Depth First Search
Depth First Search is a graph traversal algorithm that explores as far as possible along each branch before backtracking.
Goals
By the end of this lesson, you should be able to:
- explain and implement depth first search.
depth first search
, topological search
, colour
, parent vertex
, start/finish time
Depth-First Search
There is another kind of search that can be done on a graph. This is called depth-first search (DFS). As the name implies, this algorithm explores the neighbouring vertices in a depth-wise manner. DFS is used in topological sorting, scheduling problems, cycle detection in graph and solving puzzles with only one solution such as finding a path in a maze or solving a sudoku puzzle. Let's illustrate this with the same graph as we have seen previously.
(C)ases
In depth-first search, we go down the tree before moving to the next siblings. For example, as we start from A, we look into its neighbouring vertices. So vertex A has two neighbours, i.e. B and D. The depth-first search algorithm will visit one of them, say vertex B. After it visits B, it will explore one of the neighbours of B instead of visiting D. This is illustrated below.
In the figures above, every time we visit a vertex, we put a timestamp on that vertex called discovery time. Once we finish visiting all the neighbours of that vertex, we put another timestamp called finishing time. For example, vertex A has a discovery time 1 and finishing time 12 as indicated by 1/12 in the figure.
We also labelled the edges with two different kind of symbols. The solid line edges are called tree edges. These are edges in the depth-first forest. An edge (u, v) is a tree edge if v was first discovered by exploring edge (u, v). For example, the edge (A, B) is a tree edge since B is first discovered by exploring the edge (A, B). On the other hand the edge (A, D) is not a tree edge since D was not first discovered by exploring edge (A, D). Rather, D was first discovered by exploring the edge (C, D).
This brings us to the other kind of edges discovered by depth-first search. The dashed line edges are called back edges. These are those edges connected a vertex u to an ancestor v in a depth-first tree. For example, A is an ancestor of D. We can see that because we explore D through A - B - C - D. So the edge connecting D to A is a back edge since it connects D to one of its ancestor. Similarly with the edge (C, F). The depth-first forest is shown below.
(D)esign of Algorithm
Now we can try to write the steps to do depth-first search. We will write the steps using two functions. The first one is called DFS as shown below.
Show Pseudocode
DFS
Input:
- G: graph
Output:
- G: graph with the following attributes marked
- colour
- discovery time
- finishing time
- parent
Steps:
1. Initialize each vertex as follows:
1.1 set colour to white
1.2 set parent to NILL
2. set time to 0
3. for each vertex in the graph G
3.1 if the vertex's colour is white, do:
3.1.1 dfs-visit(G, u)
The above algorithm simply initialize the vertices and go through every vertex to perform the second function DFS-VISIT.
Show Pseudocode
DFS-Visit
Input:
- G: graph
- u: vertex to visit
Output:
- G: graph with the following attributes marked
- colour
- discovery time
- finishing time
- parent
Steps:
1. increase time by 1
2. set current time to be the discovery time for u
3. set u's colour to gray
4. for each vertex in u's neighbours, do:
4.1 if the vertex's colour is white, do:
4.1.1 set u as the parent of the vertex
4.1.2 call dfs-visit(G, the current vertex)

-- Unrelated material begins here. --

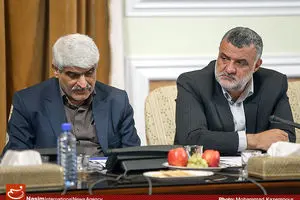 وزیر کشاورزی: پرورش ماهی در قفس و کشت‌های گلخانه ای به ویژه خیار در اولویت ماست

5. set u's colour to black
6. increase time by 1
7. set current time to be the finishing time
This function simply set the discovery time for the visited vertex u and begins to visit all the neighbouring vertices of u. However, it only calls DFS-VISIT if the neighbouring vertices are white, which means these vertices have not been visited yet. Once it finishes visiting all the neighbouring vertices, it marks the vertex u to be black and set the finishing time.
Topological Sort
One application of depth-first search algorithm is to perform a topological sort. For example, if we have list of task with dependencies, we can sort which task should be performed first. The figure below gives an example of this dependencies tasks
The figure above shows a directed graph of dependencies between different tasks. For example, the task wearing a pant must be done only after the task of wearing underpant and wearing a shirt. We can use the finishing time of DFS to determine the sequence of tasks.
Let's try to perform DFS for the above graph. The discovery time and the finishing time for each task is shown in the figure below.
In the process of DFS, it somehow starts with "undershirt" and traverse to all the children vertices in the tree, i.e. "pants", "wallets", "belt", and then "shoes". After this, it creates another tree starting from "socks", and then another tree starting from "watch", and finally another tree starting from "underpant". The depth-first forest looks like the figure below.
We can re-order the tasks by its finishing time from the largest to the smallest as shown in the figure below.
The sequence above is based on its finishing time from the largest to the smallest. The first three are independent and their sequence can be interchanged, but subsequently, "shirt" must be done only after "undershirt" task. This sequence may also depends on which vertex the search encounters first. With this in mind, we can write the topological sort steps as follows.
Show Pseudocode
Topological-Sort
Input:
- G: graph
Output:
- list of sorted vertices
Steps:
1. call DFS(G) to compute the finishing time for each vertex in G
2. sort the vertices based on its finishing time from largest to smallest
3. return a list of sorted vertices